Espigoule se jumelle avec le Sénégal. Une savoureuse galéjade au gout de mafé.
Espigoule. Ne cherchez pas sur la carte ou se trouve ce village du Var. Il n’existe que dans la mémoire de quelques milliers de spectateurs. En 1999, Christian Philibert invente la chronique plus vraie que nature de ce bout de terroir provençal, entre déconne « avé l’assent » et tranche de vie d’authentiques habitants de Ginasservis, le hameau ou il habite. La galéjade prend, jusqu’au-delà de la loire, Les 4 saisons d’Espigoule devient un phénomène. La légende du Phacomochère, bestiole imaginaire dont on parle beaucoup dans le film, prend quasiment le relais de l’histoire de la fameuse sardine tellement grosse qu’elle a bouché le port de Marseille, finit par rimer avec Peuchère. Espigoule, c’est un croisement frontalier entre Groland et Pagnol.

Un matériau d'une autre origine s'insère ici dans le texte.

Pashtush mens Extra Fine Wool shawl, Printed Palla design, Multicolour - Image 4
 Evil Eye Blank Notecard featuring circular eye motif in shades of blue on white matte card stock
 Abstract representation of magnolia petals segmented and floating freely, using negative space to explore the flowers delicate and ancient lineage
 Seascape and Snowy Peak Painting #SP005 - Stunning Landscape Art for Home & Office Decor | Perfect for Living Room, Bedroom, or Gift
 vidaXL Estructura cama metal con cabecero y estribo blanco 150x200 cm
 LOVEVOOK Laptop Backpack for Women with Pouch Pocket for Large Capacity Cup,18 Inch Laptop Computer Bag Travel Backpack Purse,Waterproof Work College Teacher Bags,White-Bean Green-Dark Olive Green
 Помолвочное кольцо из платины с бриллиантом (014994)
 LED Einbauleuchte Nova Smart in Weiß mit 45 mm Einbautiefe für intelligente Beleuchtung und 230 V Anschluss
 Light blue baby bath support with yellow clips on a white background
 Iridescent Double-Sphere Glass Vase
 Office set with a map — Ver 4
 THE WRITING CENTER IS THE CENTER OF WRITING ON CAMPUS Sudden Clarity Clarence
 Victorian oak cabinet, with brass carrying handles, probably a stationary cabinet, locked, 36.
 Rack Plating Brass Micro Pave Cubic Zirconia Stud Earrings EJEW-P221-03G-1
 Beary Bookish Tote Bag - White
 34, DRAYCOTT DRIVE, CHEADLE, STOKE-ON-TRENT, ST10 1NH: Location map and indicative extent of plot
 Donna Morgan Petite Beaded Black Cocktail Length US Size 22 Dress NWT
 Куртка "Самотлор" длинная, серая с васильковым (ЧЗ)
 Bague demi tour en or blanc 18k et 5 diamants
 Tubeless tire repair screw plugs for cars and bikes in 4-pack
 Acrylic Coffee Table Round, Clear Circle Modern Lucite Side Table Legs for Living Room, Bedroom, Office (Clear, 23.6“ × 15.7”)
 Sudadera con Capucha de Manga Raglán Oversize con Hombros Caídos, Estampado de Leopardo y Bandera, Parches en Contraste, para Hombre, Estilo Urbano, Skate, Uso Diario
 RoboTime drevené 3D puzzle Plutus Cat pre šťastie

Quinze ans plus tard, Espigoule pourrait bien se jumeler avec Toubacouta, coin perdu du Sénégal. C’est là-bas que Jean-Marc, le patron de l’estaminet du village a décidé de passer ses premières vacances de retraité. Dans ses bagages, Momo, son pote de toujours, d’origine Nord-africaine. Pour les accueillir sur le sol africain, Modou, chauffeur de taxi un peu margoulin, qui flaire la paire de bons pigeons.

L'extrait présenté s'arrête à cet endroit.